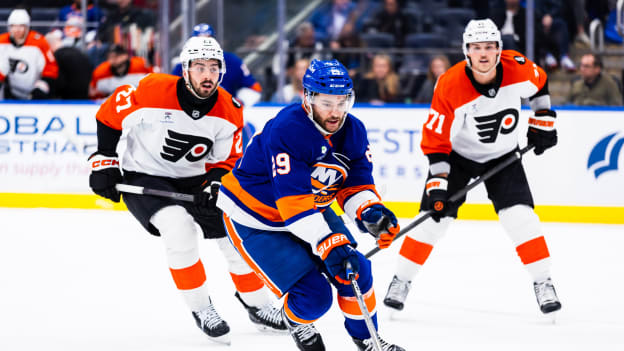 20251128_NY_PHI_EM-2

* * *

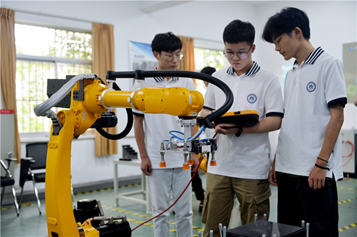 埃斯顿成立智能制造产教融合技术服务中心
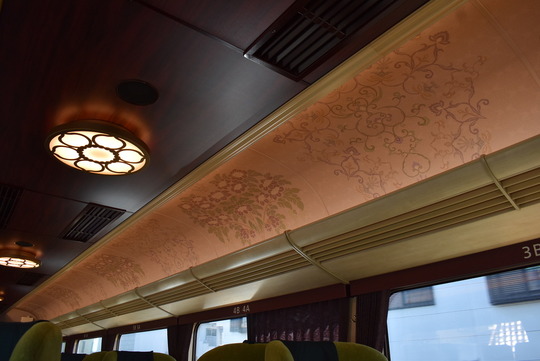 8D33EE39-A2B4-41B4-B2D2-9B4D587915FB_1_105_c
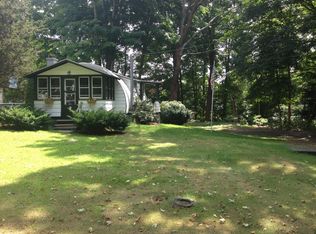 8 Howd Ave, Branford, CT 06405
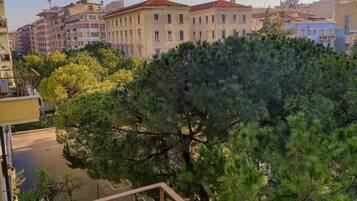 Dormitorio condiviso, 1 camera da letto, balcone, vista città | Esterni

### Exercise brief
From the records above, extract the lines from the one holding "8 Howd Ave, Branford, CT 06405" through the one holding "Dormitorio condiviso, 1", word for word; omit the pictures.

### Task output
 8 Howd Ave, Branford, CT 06405
 Dormitorio condiviso, 1 camera da letto, balcone, vista città | Esterni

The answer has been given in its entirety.